Ruben held out a hand to each of us, and me and Etta Mae both grabbed hold. “All right then,” Ruben said. “Etta Mae, you head toward the swamp, I’ll go toward the fields. And, Lu, you start with Aunt Doshie and head toward home. Then the three of us, we’ll meet up there.”
It made my insides warm the way Ruben took charge like that. It made me feel safe, like nothing else bad could happen. “See you at home,” I said, squeezing his hand. Then we was off, each of us running in different directions.
I stopped when I got to Aunt Doshie’s front porch steps. “Aunt Doshie, Mrs. Cobb’s come to collect on all the debts!”
“Mrs. Cobb?” she said, coming to the door with her long braid swaying and her mouth hanging open. “Here in Gee’s Bend?”
“Best hide what you can.” I made sure to look her in the eye so she’d have less to gossip about later. “She’s got wagons and men. Said she’s gonna take everything we got.”

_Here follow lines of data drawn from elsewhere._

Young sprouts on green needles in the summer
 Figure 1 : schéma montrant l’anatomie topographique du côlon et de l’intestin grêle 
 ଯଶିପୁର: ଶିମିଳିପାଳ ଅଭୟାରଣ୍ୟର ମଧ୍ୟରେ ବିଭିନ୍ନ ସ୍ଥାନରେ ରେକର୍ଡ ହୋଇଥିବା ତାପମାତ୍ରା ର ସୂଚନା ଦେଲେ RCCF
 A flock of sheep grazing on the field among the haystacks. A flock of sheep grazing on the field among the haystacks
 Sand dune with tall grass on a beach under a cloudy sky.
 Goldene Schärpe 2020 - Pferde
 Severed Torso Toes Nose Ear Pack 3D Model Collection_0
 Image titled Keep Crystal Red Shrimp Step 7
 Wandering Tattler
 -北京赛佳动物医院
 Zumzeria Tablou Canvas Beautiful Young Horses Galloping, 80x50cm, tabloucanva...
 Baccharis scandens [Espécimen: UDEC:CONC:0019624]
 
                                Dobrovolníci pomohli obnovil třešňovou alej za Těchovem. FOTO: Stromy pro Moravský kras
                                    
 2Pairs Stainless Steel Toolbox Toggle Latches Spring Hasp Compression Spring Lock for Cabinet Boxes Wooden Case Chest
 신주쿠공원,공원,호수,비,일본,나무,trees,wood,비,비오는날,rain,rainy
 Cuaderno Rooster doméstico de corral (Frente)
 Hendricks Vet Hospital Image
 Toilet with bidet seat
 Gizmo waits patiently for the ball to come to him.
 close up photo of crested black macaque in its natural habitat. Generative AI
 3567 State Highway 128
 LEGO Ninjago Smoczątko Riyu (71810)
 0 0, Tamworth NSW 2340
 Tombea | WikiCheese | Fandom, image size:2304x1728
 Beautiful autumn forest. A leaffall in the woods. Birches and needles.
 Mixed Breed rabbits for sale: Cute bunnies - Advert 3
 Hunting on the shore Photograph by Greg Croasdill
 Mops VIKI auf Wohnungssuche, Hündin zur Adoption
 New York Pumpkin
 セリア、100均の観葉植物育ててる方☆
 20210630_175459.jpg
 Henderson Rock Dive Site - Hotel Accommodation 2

I took off running, my feet falling sure and steady on that orange dirt footpath I’d been running on my whole life. I held tight to my quilting things and kept the lunch sack pressed against my chest.
Each cabin I came to, I shouted out a warning as I passed. But I didn’t stop running. I had to get home. I had to see Mama. I had to know she was alive.
Falling
NEWS SPREAD DOWN THE ROW OF CABINS FASTER than I could run. I reckon they heard me shouting, then took to telling one another themselves.
As I passed through the Pettways’ yard into mine, one of the hogs squealed and rushed toward me. I gripped the lunch sack tight and lifted my arms to scare it back.
“Stupid hog,” Mr. Pettway said, chasing it with a pitchfork. “It don’t know it’s better off in them woods.”